Going line by line through the entries below, count those that contain "Face". Give the number by itself.

(Dataset items)
----------

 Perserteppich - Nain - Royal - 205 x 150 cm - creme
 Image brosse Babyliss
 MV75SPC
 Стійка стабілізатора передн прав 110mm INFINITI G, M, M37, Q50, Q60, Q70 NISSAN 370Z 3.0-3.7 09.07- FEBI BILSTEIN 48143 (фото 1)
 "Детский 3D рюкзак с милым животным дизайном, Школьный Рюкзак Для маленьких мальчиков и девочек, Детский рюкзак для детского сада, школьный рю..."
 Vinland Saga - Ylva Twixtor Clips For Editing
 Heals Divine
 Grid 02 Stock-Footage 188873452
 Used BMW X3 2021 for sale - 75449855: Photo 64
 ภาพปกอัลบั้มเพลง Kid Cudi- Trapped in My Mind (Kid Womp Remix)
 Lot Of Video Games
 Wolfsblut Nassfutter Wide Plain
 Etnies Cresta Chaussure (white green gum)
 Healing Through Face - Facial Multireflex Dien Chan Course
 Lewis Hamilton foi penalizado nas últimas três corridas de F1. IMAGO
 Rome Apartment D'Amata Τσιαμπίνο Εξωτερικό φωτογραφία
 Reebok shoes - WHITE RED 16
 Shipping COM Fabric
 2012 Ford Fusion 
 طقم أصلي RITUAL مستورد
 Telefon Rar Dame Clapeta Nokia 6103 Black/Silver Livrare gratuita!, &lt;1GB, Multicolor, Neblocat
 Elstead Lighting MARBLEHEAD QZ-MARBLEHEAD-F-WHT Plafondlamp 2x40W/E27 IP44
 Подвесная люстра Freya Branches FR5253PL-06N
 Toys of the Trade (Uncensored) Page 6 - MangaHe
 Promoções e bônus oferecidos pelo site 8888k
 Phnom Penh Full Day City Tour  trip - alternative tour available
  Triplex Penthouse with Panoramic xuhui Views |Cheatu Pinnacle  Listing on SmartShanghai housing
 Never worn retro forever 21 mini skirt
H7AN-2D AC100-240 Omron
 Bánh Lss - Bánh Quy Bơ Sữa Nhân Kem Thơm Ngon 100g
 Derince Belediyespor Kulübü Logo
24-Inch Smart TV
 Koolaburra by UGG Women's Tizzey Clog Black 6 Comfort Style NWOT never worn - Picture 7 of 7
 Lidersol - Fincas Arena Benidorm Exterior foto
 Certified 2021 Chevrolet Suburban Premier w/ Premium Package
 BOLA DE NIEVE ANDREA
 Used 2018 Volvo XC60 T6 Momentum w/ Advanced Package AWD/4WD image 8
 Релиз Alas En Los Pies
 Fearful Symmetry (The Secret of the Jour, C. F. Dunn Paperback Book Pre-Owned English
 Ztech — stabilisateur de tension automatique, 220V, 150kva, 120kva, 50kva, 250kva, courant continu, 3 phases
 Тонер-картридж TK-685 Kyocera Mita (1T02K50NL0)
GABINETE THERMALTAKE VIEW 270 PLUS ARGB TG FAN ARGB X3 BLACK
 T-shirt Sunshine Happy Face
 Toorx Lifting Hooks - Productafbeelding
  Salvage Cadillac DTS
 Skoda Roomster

----------

# Result:
2